KOZAN - Tarih ve Doğanın Her Tonu

Sonbaharı çoğu insan sevmez, belki de kışın habercisi olduğundandır. Bizim bölgemizde ise yazın kavurucu sıcağından bir kurtarıcıdır sonbaharın gelmesi. Her mevsimi severim ama, Eylül-Ekim-Kasım üçlüsünün yeri bir başkadır gönlümde. 
Kimilerine göre battaniyenin altında film izlemekten ibaret olan bu harika mevsim, dışarıya çıkmanın ve yeni yerler keşfetmenin fırsatını sunar. Ormanlık alanlarda yürüyüş ve kamp yapmanın, tarihi sokakları keşfetmenin, kalelere çıkmanın şimdi tam zamanıdır.
Doğadaki her tonu görmek mümkündür; yeşili, sarıyı, kahve tonlarını bir de kırmızılaşan yaprakları. Feke’yi yazarken size bir sır vermiş, sonbaharda çok güzel fotoğraflar çekebileceğinizi yazmıştım. Şimdi bölgeyi bir de ruhumuzu kanatlandıran sonbaharda gezme zamanı.
 
 
 
Yolumuzun üzerinde ismi gibi gizemli bir antik kent var.
“Sis”
Sanki hayal dünyasına geçiş yapmışsınız gibi içinden geçip tarihe yolculuk yapacaksınız.
 
19.yy’da Kozan şehrine kervan girişi  
 
5 bin yıldır var olan bu kentte ilk izler Hititlerle başlamış ve sahip olduğu doğal zenginliklerle her zaman kalabalık yerleşimlere ev sahipliği yapmış. Anadolu’nun en değerli, en renkli ekonomi ve kültür merkezi olmuş. Milattan önce 2 binli yıllardan itibaren dünyanın en eski tüccar kavimlerinden olan Asurlular’ın uğrak yeriymiş. Bu nedenle Sis kentinin önemi çok büyükmüş. Kentin tamamı M.S.536 yılında şiddetli bir deprem ile yıkılmış. 700’lü yıllarda Bizanslıların burada Arapları püskürttükleri ve binlerce Arabı katlettikleri kaydedilmiş.

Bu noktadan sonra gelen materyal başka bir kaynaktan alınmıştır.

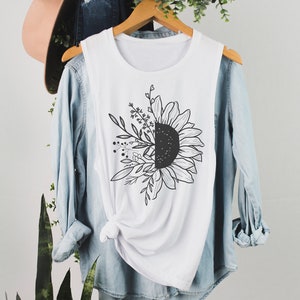 Sunflower Tank, Botanical Floral Muscle Tank Top, Wildflower Shirt, Graphic T Shirt for Women, Gift for Her, Womans Floral Workout Tank,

1071 Malazgirt Zaferi’nden sonra, Anadolu Selçuklu Devleti’nin kurucusu Süleyman Şah zamanında Çukurova kazanılmış ve buraya çoğunluğu Horasan’dan gelen Türklerden oluşan Müslüman gruplar yerleştirilmiş. 

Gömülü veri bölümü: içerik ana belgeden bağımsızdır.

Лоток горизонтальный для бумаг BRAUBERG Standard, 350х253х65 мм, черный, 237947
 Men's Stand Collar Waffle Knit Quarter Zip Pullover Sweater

Önceki adıyla Sis, 1080-1375 yılları arasında henüz tarihteki yolculuğunun çok başında, Kilikya Ermeni Krallığı’nın başkentliğini üstlenmiş. Aynı zamanda dini merkezleri olmuş. Gregoryan Ermenileri 700 yıl Kozan’da buluşarak  “Kilikya Manastırı” başlığı altında detaylı anlatacağım üzere dini törenlerini düzenlemişler. 

 
 
XIV.yüzyıl ortalarından itibaren, Kilikya Ermeni Krallığı’nı sona erdiren Mısır Memluk Devleti’nin ve Ramazanoğlu Beyliği’nin yönetimleri başlamış. 1517 yılında ise Yavuz Sultan Selim, Mısır seferi ile Memlük Devleti’nin hakimiyetini bitirip bölgeyi tümden Osmanlı topraklarına dahil etmiş. Sis kenti ise, Osmanlı döneminde Adana Vilayeti’ne bağlı sancak statüsü almış.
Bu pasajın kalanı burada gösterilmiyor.